Active magnetic bearings (AMB) use electromagnetic actuators in order to control the position of the rotor or levitated object in general. Any degree of freedom can be stabilized using an AMB and in contrast to PMBs, full and stable levitation is possible using only AMBs. The bearings are separate mechanical units with an iron core, bearing windings and attached sensors for determining the rotor position.
AMBs allow to control the stiffness and damping coefficients of the bearing and can, therefore, influence the object’s rotordynamic behaviour during operation.

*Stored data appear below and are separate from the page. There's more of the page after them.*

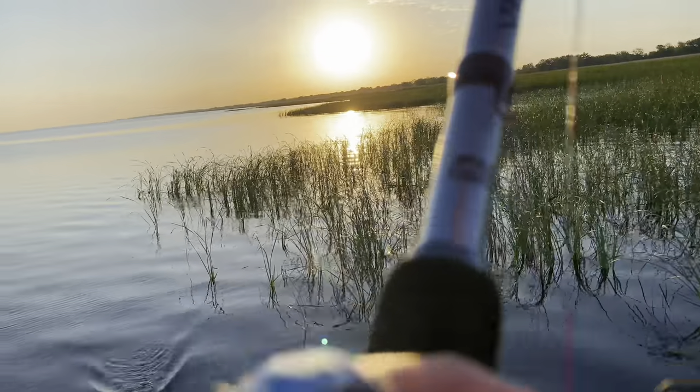Yeah, that was probably our best day ever up here. There he is! Hey everybody, it's J-Ball Blue Jays Outdoors. Hopefully you guys are having an awesome day. I am super excited to make this video.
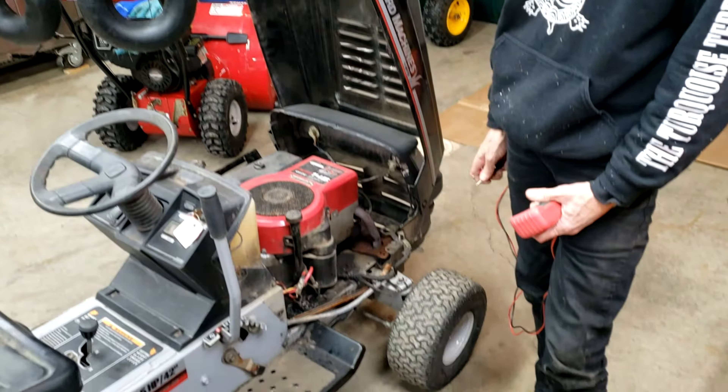Today we're going to talk about what to do if you don't think your riding lawnmower battery is charging. We'll show you how to check out the charging system and then how to possibly repair it if you're having a problem.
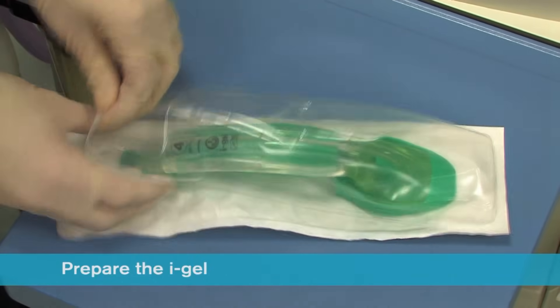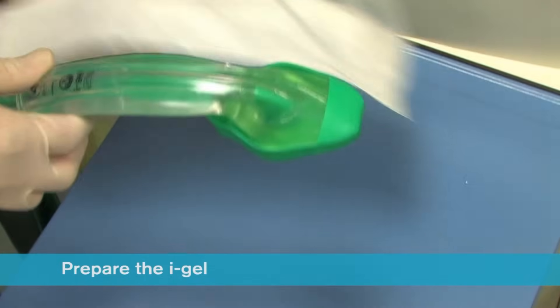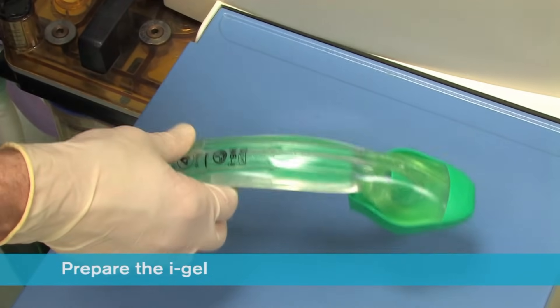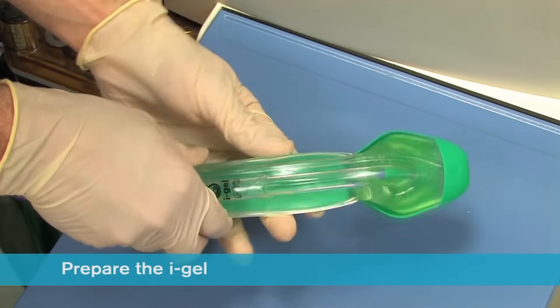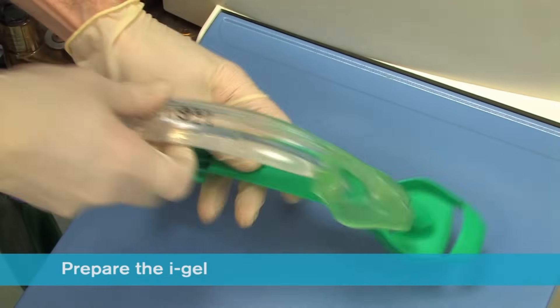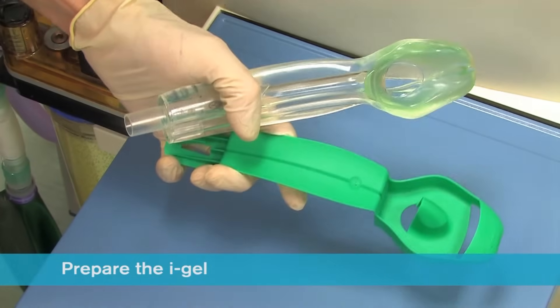Ensuring that you conform to local policy for hygiene, open the iGel package and on a flat surface, take out the protective cradle containing the device. In the final minute of pre-oxygenation, remove the iGel and transfer it to the palm of the same hand that is holding the protective cradle, supporting the device between the thumb and index finger.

In an AMB, the flux density difference between two opposing areas of the air gap determines the resulting Maxwell-force on the rotor. These forces depend quadratically on the flux density. Permanent magnets can be used to create bias flux, increasing the absolute flux density values. This shift of the operation point increases the achievable bearing forces. Permanent magnets in AMBs can also be used to compensate static loads, e.g. due to a gravity related shift of the rotor. Both measures reduce the necessary bearing power in the AMB. For further explanations to active magnetic bearings and their components, browse through the video and animation sections at Waukesha Bearings Corporation and SKF/S2M. The vast majority of industrial applications using magnetic levitation rely on active bearings. The chart illustrates the special characteristics of AMBs and their consequential application scope. Even though PMBs also provide many of the listed aspects, the full scope can only be provided by actively controlled bearings.